Top of Extracted records
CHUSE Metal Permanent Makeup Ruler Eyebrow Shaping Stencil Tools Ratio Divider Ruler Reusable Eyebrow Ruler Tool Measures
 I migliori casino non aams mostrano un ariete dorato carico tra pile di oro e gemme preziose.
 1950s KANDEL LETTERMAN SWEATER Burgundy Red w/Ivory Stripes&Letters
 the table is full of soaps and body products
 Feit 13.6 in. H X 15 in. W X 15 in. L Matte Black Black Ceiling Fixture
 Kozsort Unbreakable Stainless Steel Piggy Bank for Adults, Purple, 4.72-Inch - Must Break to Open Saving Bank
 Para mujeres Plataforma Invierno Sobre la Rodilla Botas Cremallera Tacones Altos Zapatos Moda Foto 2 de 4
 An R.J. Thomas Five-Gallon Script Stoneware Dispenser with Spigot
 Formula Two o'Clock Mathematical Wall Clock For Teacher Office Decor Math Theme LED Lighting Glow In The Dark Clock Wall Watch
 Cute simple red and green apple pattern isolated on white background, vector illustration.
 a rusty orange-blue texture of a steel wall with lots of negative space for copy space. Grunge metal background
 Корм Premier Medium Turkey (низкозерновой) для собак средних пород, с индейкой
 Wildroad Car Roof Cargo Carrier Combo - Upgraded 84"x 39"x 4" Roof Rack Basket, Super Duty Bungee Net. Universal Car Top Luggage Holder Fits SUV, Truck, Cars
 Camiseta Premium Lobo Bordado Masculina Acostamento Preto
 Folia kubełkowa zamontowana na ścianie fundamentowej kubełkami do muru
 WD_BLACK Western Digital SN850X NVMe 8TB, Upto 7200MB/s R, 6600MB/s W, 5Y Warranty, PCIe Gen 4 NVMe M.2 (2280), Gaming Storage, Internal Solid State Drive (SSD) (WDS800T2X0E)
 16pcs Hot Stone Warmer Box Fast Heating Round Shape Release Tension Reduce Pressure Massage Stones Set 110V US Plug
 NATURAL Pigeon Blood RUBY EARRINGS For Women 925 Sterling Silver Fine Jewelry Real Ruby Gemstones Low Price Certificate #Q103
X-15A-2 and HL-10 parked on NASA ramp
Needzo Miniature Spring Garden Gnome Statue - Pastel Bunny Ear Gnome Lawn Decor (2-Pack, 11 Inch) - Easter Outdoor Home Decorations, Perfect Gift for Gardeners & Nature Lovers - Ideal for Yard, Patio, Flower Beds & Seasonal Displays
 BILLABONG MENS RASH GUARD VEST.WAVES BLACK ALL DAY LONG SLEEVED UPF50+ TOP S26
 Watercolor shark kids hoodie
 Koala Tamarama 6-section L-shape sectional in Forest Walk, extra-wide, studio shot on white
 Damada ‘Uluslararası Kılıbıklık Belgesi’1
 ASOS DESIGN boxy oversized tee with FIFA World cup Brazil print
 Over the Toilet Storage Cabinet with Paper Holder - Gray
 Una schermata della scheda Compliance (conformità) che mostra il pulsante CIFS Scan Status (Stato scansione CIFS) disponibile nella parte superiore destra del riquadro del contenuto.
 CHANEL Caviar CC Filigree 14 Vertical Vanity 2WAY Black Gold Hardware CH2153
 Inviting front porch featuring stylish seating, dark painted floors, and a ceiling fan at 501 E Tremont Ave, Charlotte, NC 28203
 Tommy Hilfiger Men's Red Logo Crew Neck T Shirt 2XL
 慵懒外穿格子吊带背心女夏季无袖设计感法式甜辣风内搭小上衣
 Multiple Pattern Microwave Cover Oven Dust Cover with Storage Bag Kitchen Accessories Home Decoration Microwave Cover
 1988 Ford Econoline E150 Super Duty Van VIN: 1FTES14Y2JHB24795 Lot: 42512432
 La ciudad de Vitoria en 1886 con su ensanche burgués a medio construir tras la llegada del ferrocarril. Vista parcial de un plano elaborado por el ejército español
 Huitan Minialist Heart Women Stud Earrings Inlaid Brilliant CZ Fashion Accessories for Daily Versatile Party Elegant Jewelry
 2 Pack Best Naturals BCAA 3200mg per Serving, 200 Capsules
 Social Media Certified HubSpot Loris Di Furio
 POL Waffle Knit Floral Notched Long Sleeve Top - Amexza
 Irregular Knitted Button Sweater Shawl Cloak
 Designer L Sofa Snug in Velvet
Bottom of Extracted records
*What the task requires:*
Filter the entries down to the lines holding the string "Pack". Copy each of those lines.

*Result for this exercise:*
Needzo Miniature Spring Garden Gnome Statue - Pastel Bunny Ear Gnome Lawn Decor (2-Pack, 11 Inch) - Easter Outdoor Home Decorations, Perfect Gift for Gardeners & Nature Lovers - Ideal for Yard, Patio, Flower Beds & Seasonal Displays
 2 Pack Best Naturals BCAA 3200mg per Serving, 200 Capsules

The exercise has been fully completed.